> _WHAT YOU SHOULD DO_: Set down every entry below exactly as it stands.

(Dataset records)

===

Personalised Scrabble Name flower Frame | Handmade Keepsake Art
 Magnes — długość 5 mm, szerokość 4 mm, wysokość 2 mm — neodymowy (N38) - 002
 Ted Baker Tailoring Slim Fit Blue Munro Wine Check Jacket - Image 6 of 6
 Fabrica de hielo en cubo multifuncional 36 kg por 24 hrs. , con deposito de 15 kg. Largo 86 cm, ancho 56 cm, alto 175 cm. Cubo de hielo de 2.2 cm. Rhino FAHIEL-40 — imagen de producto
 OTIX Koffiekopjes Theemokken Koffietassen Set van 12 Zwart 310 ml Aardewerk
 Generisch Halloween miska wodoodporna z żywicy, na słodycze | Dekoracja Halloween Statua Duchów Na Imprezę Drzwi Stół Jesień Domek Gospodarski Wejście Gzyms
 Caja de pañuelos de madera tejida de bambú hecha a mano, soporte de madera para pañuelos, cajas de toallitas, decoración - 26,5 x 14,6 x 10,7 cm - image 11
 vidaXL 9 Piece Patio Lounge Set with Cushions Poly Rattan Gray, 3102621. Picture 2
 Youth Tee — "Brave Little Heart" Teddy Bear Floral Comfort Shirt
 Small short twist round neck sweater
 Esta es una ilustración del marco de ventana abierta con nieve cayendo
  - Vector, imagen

===

> _RESPONSE TO THE EXERCISE_:
Personalised Scrabble Name flower Frame | Handmade Keepsake Art
 Magnes — długość 5 mm, szerokość 4 mm, wysokość 2 mm — neodymowy (N38) - 002
 Ted Baker Tailoring Slim Fit Blue Munro Wine Check Jacket - Image 6 of 6
 Fabrica de hielo en cubo multifuncional 36 kg por 24 hrs. , con deposito de 15 kg. Largo 86 cm, ancho 56 cm, alto 175 cm. Cubo de hielo de 2.2 cm. Rhino FAHIEL-40 — imagen de producto
 OTIX Koffiekopjes Theemokken Koffietassen Set van 12 Zwart 310 ml Aardewerk
 Generisch Halloween miska wodoodporna z żywicy, na słodycze | Dekoracja Halloween Statua Duchów Na Imprezę Drzwi Stół Jesień Domek Gospodarski Wejście Gzyms
 Caja de pañuelos de madera tejida de bambú hecha a mano, soporte de madera para pañuelos, cajas de toallitas, decoración - 26,5 x 14,6 x 10,7 cm - image 11
 vidaXL 9 Piece Patio Lounge Set with Cushions Poly Rattan Gray, 3102621. Picture 2
 Youth Tee — "Brave Little Heart" Teddy Bear Floral Comfort Shirt
 Small short twist round neck sweater
 Esta es una ilustración del marco de ventana abierta con nieve cayendo
  - Vector, imagen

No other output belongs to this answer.